On 4/12/22 10:17, Nico Huber wrote:
Hello Insurgo,
On 12.04.22 16:01, Insurgo Technologies Libres / Open Technologies wrote:
On April 12, 2022 8:55:56 AM UTC, Arthur Heymans arthur@aheymans.xyz wrote:
Would it make sense to backport your fix to old releases and bump those release numbers to a .1 on the end?
Some see releases as mere synchronization tags & nice PR. Some releases are also branches in gerrit but there are none affected by this (latest is 4.12 and it was introduced in 4.13).
As you may know, coreboot distributions (talking of Heads specifically here), take releases tarballs and apply patches where needed on top of it.
In the present case, Heads currently depends on coreboot 4.11, 4.13 and 4.15 for its supported boards. I quickly attempted to backport the relevant patches to 4.13 tarball release, unsuccessfully.
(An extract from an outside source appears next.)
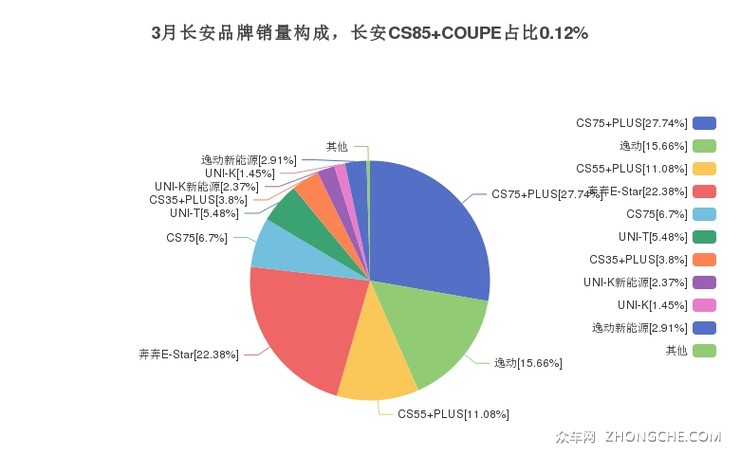 3月长安品牌销量构成，长安CS85 COUPE占比0.12%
have you checked if the SMM module loader v2 was used in your 4.13 builds? AIUI, it was optional and only enabled on user request.
Thanks Nico for that pointer. Community maintained Heads boards are mostly based on coreboot 4.13 as of now:
# CONFIG_X86_SMM_LOADER_VERSION2 is not set
was hidden in the savedefconfig format stored under Heads repositories for coreboot 4.13 depending boards.
Expending the saved configuration confirms non-usage of SMM2 optional loader and is therefore not considered vulnerable per reported vulnerability.
I would highly doubt other coreboot based distributions would have activated this explicitly, but will depend of the new coreboot pushed defaults from upstream releases. Let's see.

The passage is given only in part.